However, Tiled outputs in pixel offsets (integers of absolute values), while Angel2D inputs OpenGL units (floats of relative values); a conversion factor between these two is needed (for example, 32px = 1gu). Since OpenGL units are abstract, and the camera can zoom in or out if the objects are too small or big, the actual conversion factor isn't important; I could use a random number, and the user would merely have to zoom in or out.

But it would be best if the conversion factor was selected such that most numbers outputted were small and whole (or fractions of small whole numbers), because that makes it easier to work with (and the whole point of the OpenGL units is that they are easy to work with).

How would I find such a conversion factor reliably?

My first attempt was to use the smallest number given; this resulted in no fractions below 1, but often lead to lots of decimal places where the factors didn't line up.

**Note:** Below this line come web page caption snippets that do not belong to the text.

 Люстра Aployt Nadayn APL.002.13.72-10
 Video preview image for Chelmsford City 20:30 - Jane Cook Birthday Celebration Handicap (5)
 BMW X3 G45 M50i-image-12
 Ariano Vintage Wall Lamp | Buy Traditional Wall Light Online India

Then I tried the mode of the sequence, which lead to the largest number of 1's possible, but often lead to very long floats for background images.

My current approach gets the GCD of the whole sequence, which, when it works, works great, but can easily be thrown off course by a single bad apple.

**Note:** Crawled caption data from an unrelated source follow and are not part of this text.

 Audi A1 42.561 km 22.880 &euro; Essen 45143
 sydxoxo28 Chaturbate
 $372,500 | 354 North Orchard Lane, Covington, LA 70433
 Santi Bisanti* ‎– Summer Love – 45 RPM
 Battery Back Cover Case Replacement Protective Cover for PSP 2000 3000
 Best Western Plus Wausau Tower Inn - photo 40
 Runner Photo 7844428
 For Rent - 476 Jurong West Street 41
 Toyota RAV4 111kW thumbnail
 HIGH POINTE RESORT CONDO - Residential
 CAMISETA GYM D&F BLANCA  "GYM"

Note that while I could easily just pass the numbers I am given along, or pick some fixed factor, or use one of the conversions I specified above, I am looking for a method to reliably scale this list of integers to small, whole numbers or simple fractions, because this would most likely be unsurprising to the end user; this is not a one off conversion.

The end users tend to use 1.0 as their "base" for manipulations (because it's simple and obvious), so it would make more sense for the sizes of entities to cluster around this.